AIM OF THE TASK -
Span requested from the data below: the line with "Vintage Blue Storage" through the line with "Brain Heart Balance", both included. Give only these lines again, exactly, and leave every picture out.

LISTED ENTRIES -
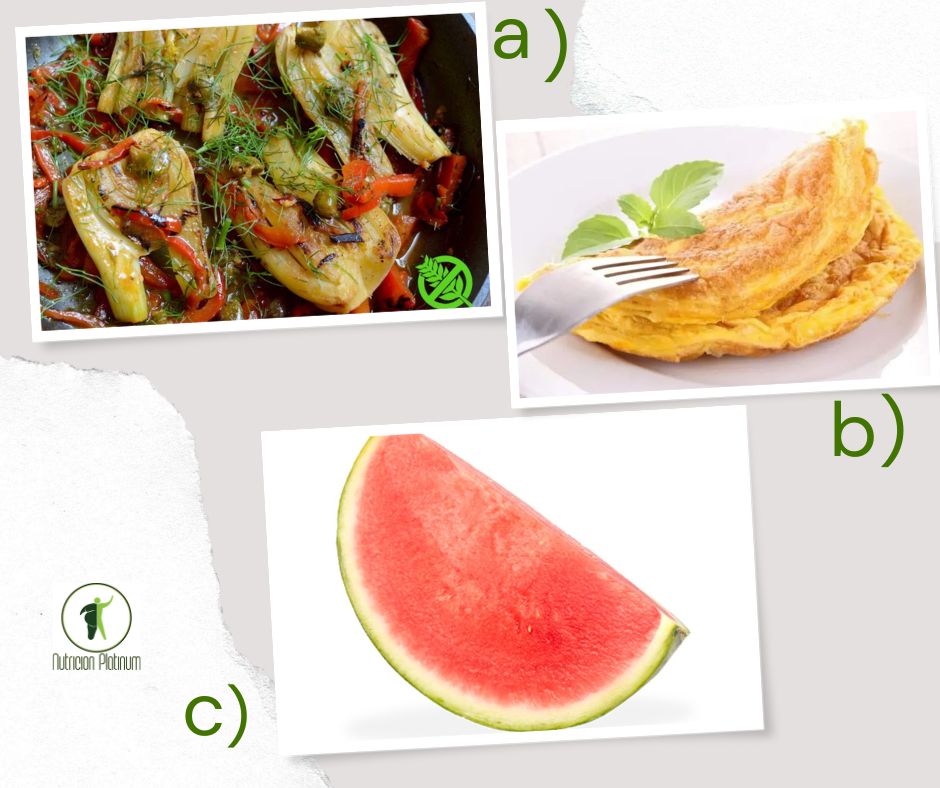 Hinojo salteado con tortilla de atún y sandia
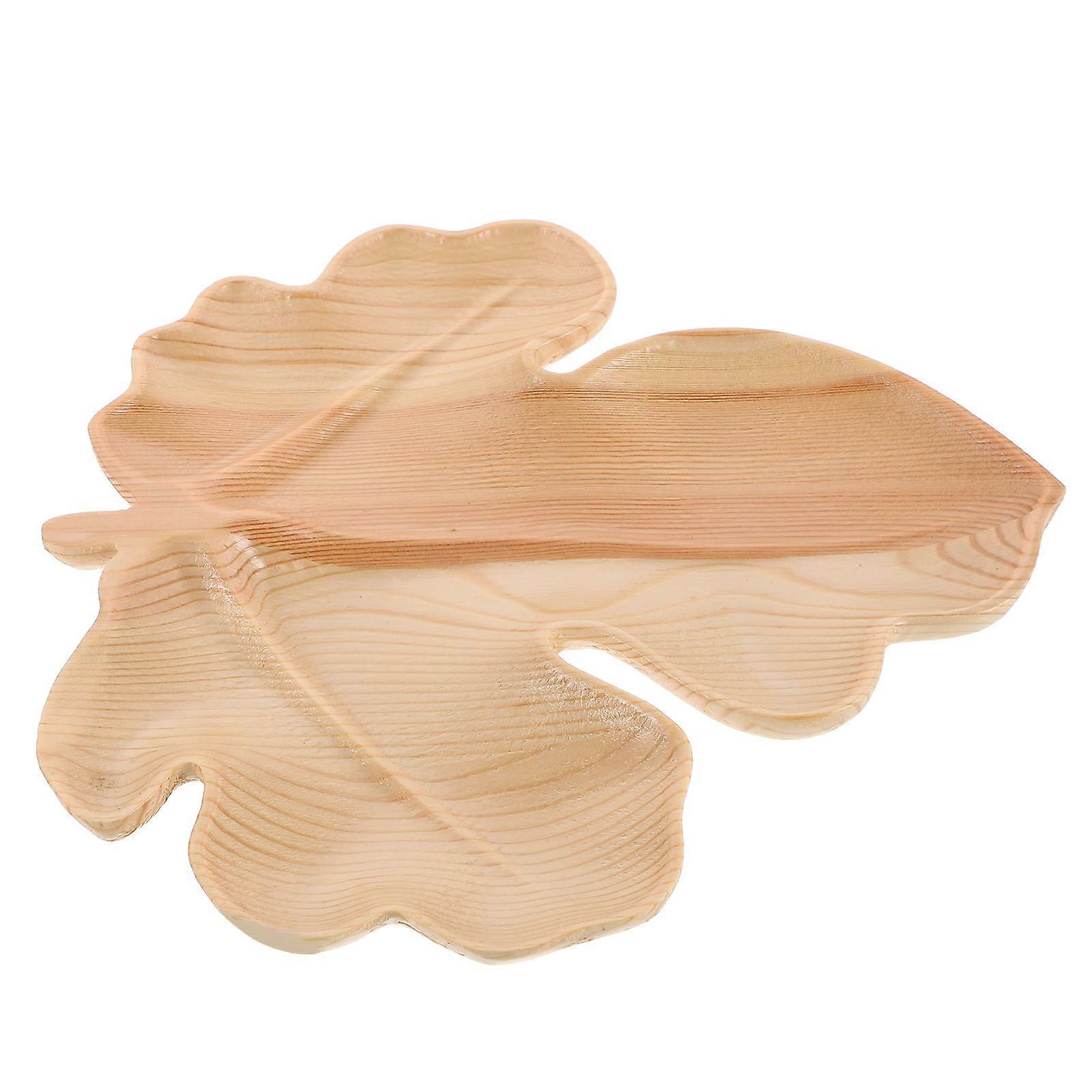 Minimalist Style Wooden Serving Tray 4Pcs Leaf Shape Snack Platter For Everyday Use Decorative Dish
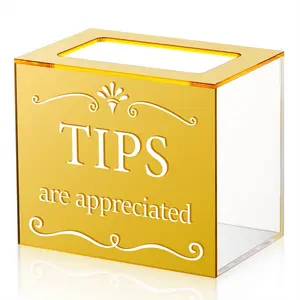 Tip Jars for Money Acrylic Tip Cash Box Donation Tip Bucket Storage Container Suggestion Box Raffle Cash Box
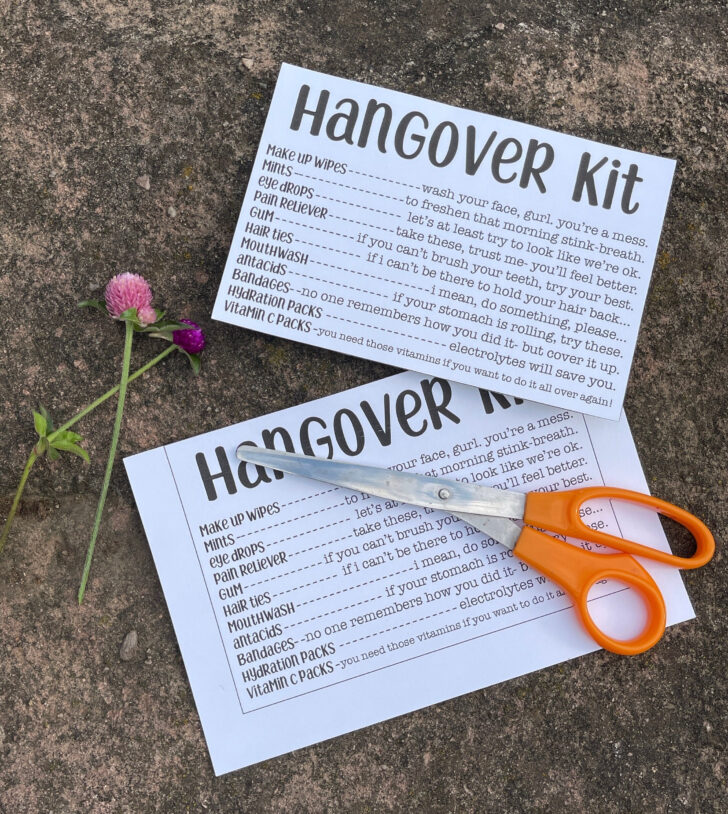 Bachelorette Survival Free Printable Hangover Survival Kit Printables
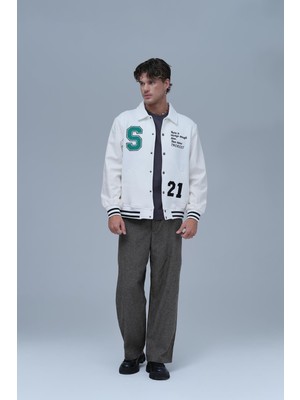 Saw Urbanity Think Big Oversize Kolej Ceketi Erkek Ekru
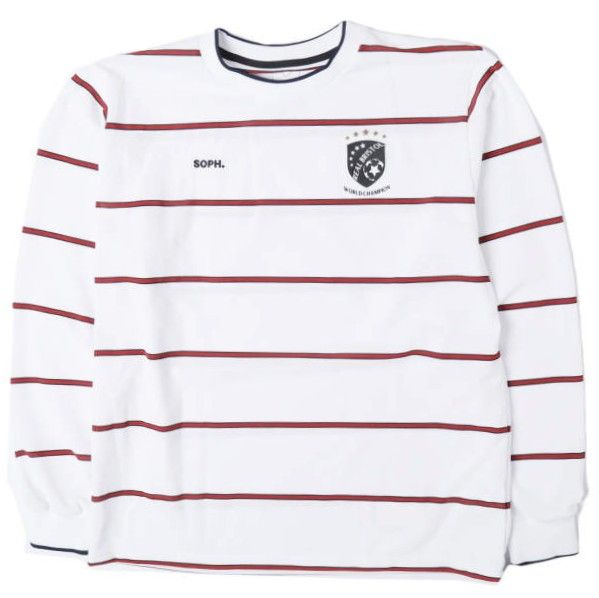 F.C.R.B. エフシーアールビー 26SS CHAMPIONS BORDER L/S GAME SHIRT チャンピオンズボーダーロングスリーブゲームシャツ FCRB-260065 L WHITE F.C.Real Bristol ブリストル トップス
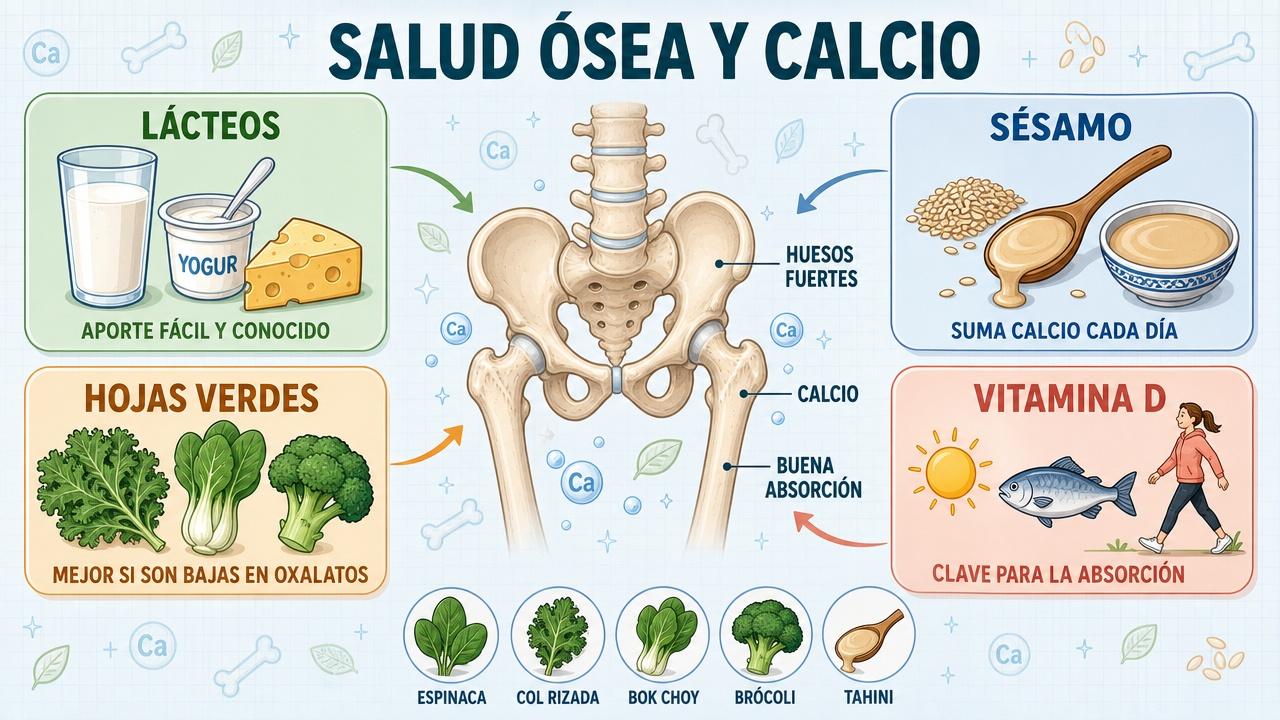 Cuatro claves para mejorar el calcio dietético y la salud ósea.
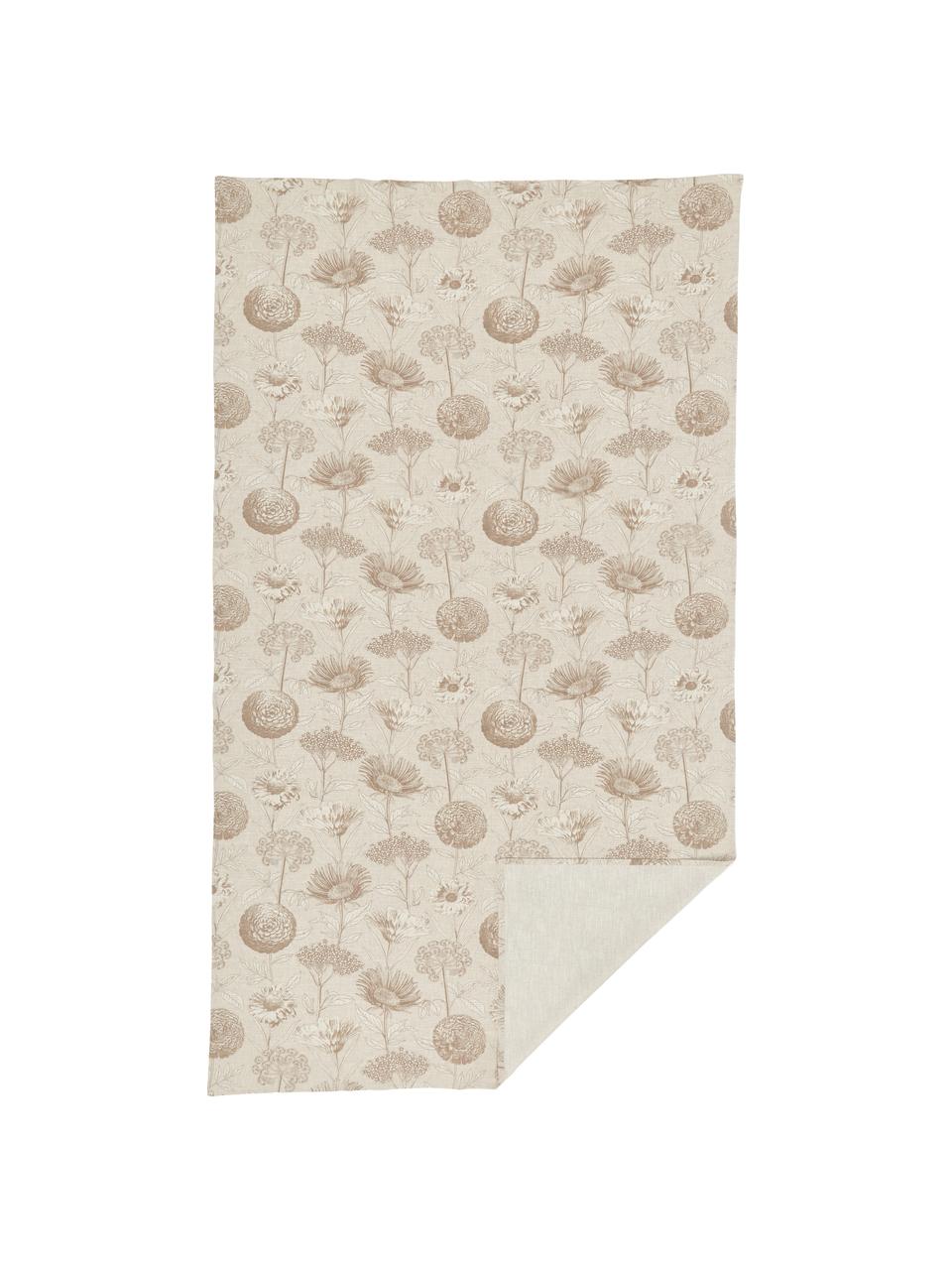 Katoenen tafelkleed Freya met bloemen motief, 86% katoen, 14% linnen, Beige, bruin, patroon, Voor 6 - 10 personen (B 140 x L 250 cm)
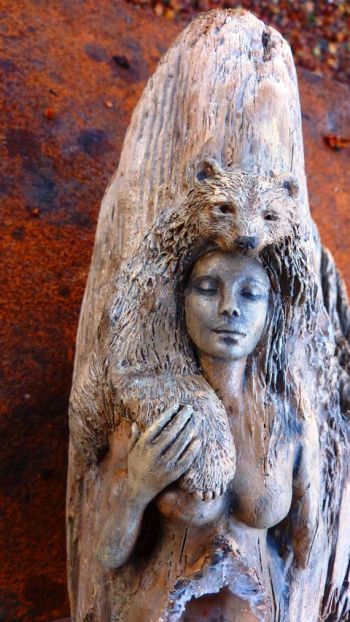 Wood Sculpture- Spirit Bear and Woman Forest Wood Sculpture by ShapingSpirit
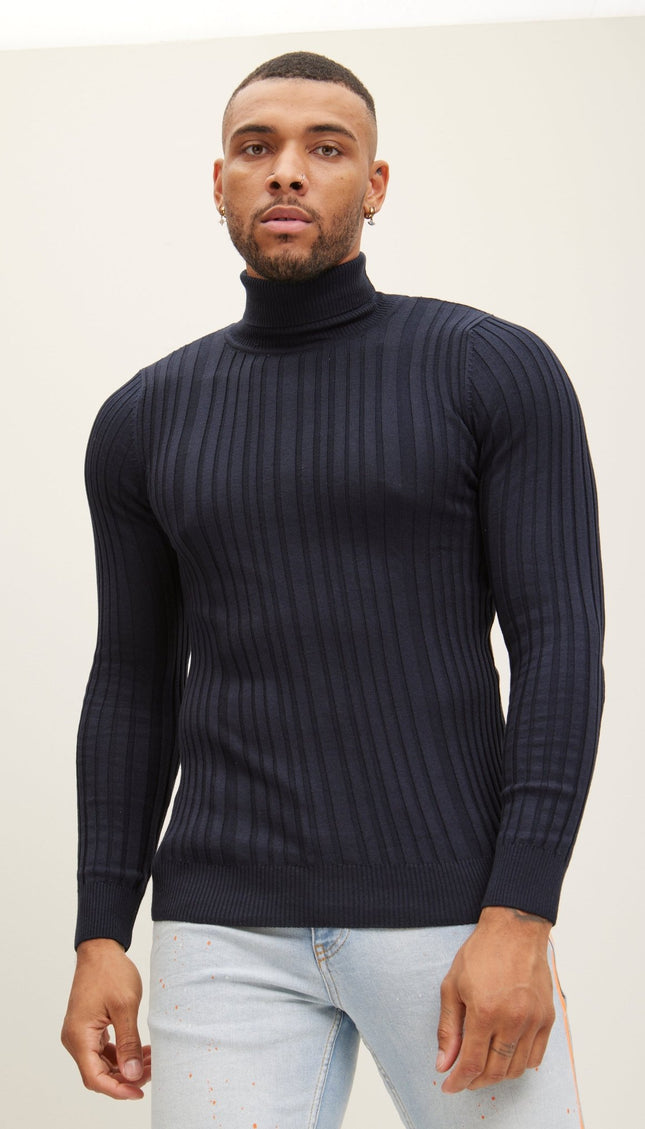 Roll Neck Ribbed Sweater - Navy - Ron Tomson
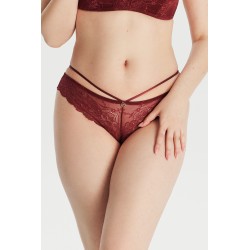 Lastik Detaylı Bordo Dantel Slip Külot Lastik Detaylı Bordo Dantel Slip Külot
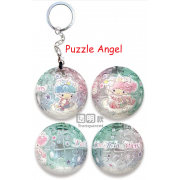 LittleTwinStars雙星仙子煥彩獨角獸立體球型拼圖鑰匙圈24片(透明款),  直徑:3.98cm   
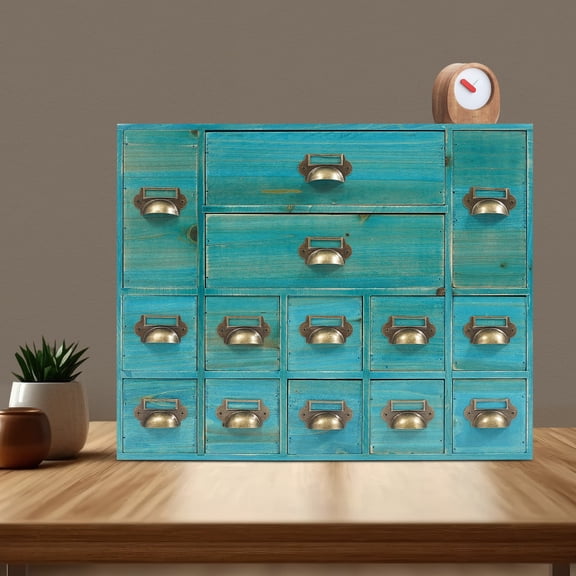Vintage Blue Storage Cabinet with 14 Drawers, for Herbs, Office & Kitchen Organization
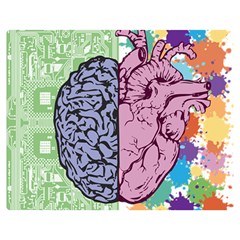 Brain Heart Balance Emotion Two Sides Premium Plush Fleece Blanket (medium)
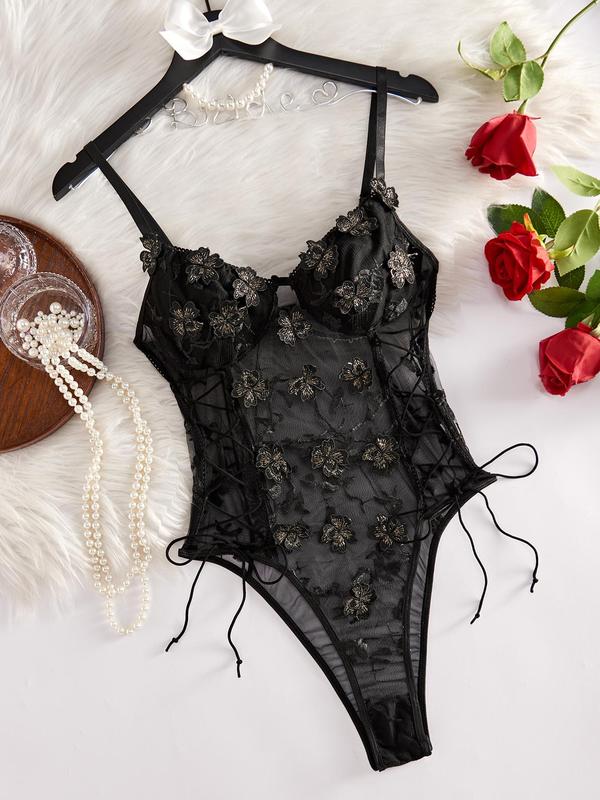 Women's Floral Appliques Lace Up Sheer Tulle Teddy Bodysuit, Elegant Romantic Adjustable Spaghetti Strap Sexy Lingerie Bodysuit For Daily Wear, Ladies Clothes For All Seasons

TASK RESULT -
Vintage Blue Storage Cabinet with 14 Drawers, for Herbs, Office & Kitchen Organization
 Brain Heart Balance Emotion Two Sides Premium Plush Fleece Blanket (medium)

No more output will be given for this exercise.